Nenhum chega a grande nesse
estado, explicou. Espere que à menina lhe chegue a demonstração e vai ver que
perde a mania de andar a mover os móveis e a anunciar desgraças. A Ama preferia
Clara. Tinha-a ajudado a nascer e era a única pessoa que compreendia a natureza
extravagante da menina. Quando Clara saiu do ventre da mãe, a Ama embalou-a, lavou-a
e desde esse momento amou desesperadamente a frágil criança com os pulmões
cheios de expectoração, sempre à beira de perder o alento e pôr-se roxa, que
tinha feito reviver com o calor dos seus grandes peitos quando lhe faltava o
ar, porque sabia que era esse o único remédio para a asma, muito mais eficaz que
os folhados aguardentados do doutor Cuevas.
Nessa
Quinta-Feira Santa, Severo passeava pela sala preocupado com o escândalo que a filha
tinha dado na missa. Argumentava que só um fanático como o padre Restrepo podia
acreditar em possessos em pleno século vinte, o século das luzes, da ciência e
da técnica, no qual o demónio tinha ficado definitivamente desprestigiado. Nívea
interrompeu-o para dizer que não era essa a questão. O que era grave é que, se
as proezas da filha transcendiam as paredes da casa e o padre começava a
investigar, toda a gente iria saber. Vai começar a chegar gente para a ver como
se ela fosse um fenómeno, disse Nívea. E o Partido Liberal vai para o car…,
rematou Severo, que via o prejuízo que podia ser para a sua carreira política
ter uma possessa na família. Estavam nisto quando chegou a Ama arrastando as
chinelas, com o frufru de saiotes engomados, a anunciar que no pátio estavam
uns homens a descarregar um morto. Assim era. Entraram com uma carroça de
quatro cavalos, ocupando todo o primeiro pátio, pisando as camélias e sujando
de trampa o empedrado reluzente, num turbilhão de pó, num empinar de cavalos e
maldições de homens supersticiosos que faziam gestos contra o mau olhado. Traziam
o cadáver do tio Marcos com toda a sua bagagem. Aquele tumulto era dirigido por
um homenzinho melífluo, vestido de negro, de labita e chapéu demasiado grande,
que iniciou um discurso solene para explicar as circunstâncias do caso, mas que
foi brutalmente interrompido por Nívea, que se lançou sobre o ataúde empoeirado
que continha os restos do seu irmão mais querido.
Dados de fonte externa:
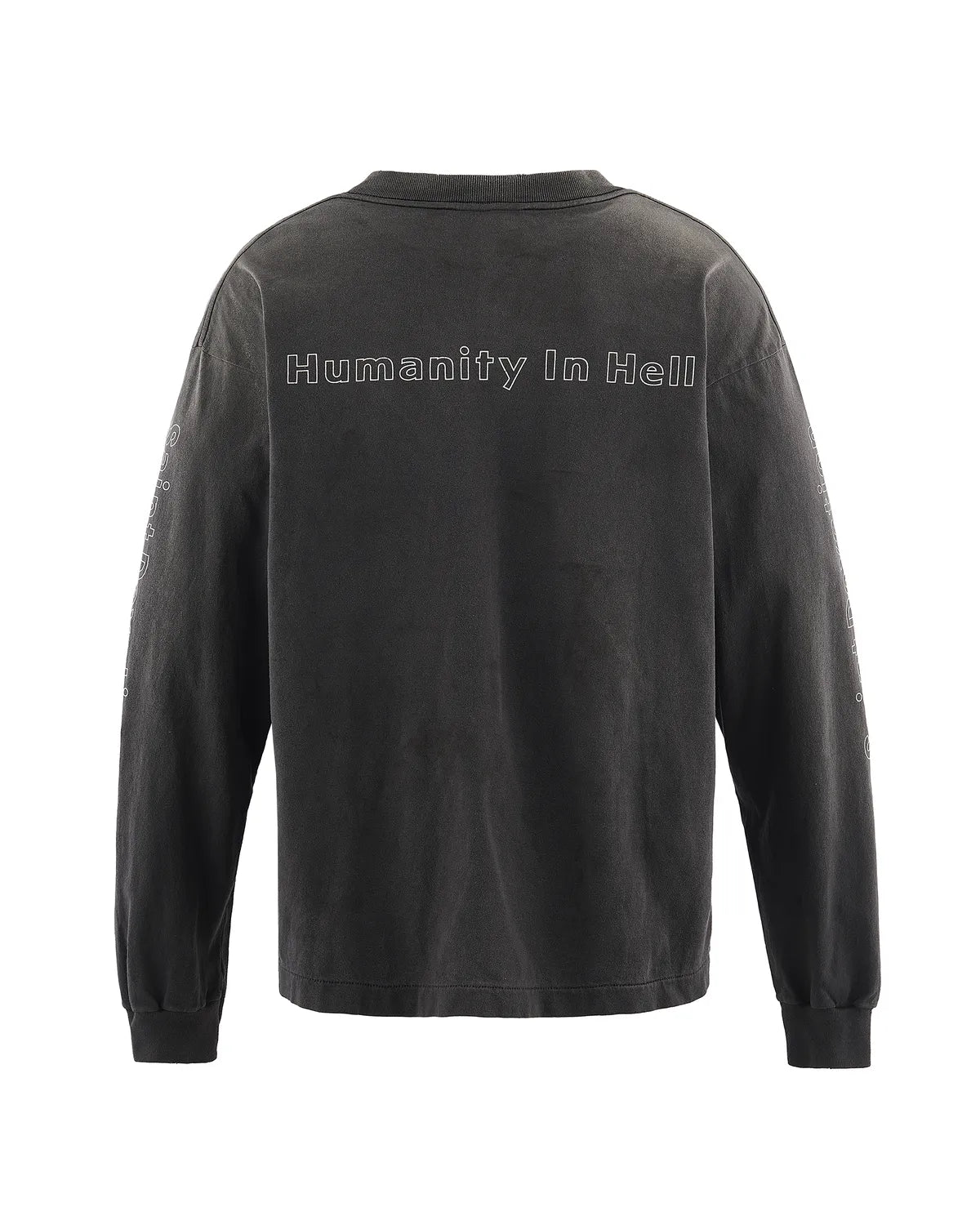 ©︎SAINT Mxxxxxx / LS T-SHIRT / SAINT DEVOTION (SM-MK8-0000-027)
Nívea gritava que abrissem a
tampa, para o ver com os próprios olhos. Já em ocasião anterior havia sido
encarregada de o enterrar, e por isso mesmo tinha o direito de duvidar que dessa
vez fosse verdadeira a sua morte. Os seus gritos atraíram a multidão de criados
da casa e todos os filhos, que acudiram correndo ao ouvir o nome do tio
pronunciado com lamentações de luto». In Isabel Allende, A Casa dos Espíritos,
1982, Porto Editora, 2013, ISBN 978-972-004-445-7.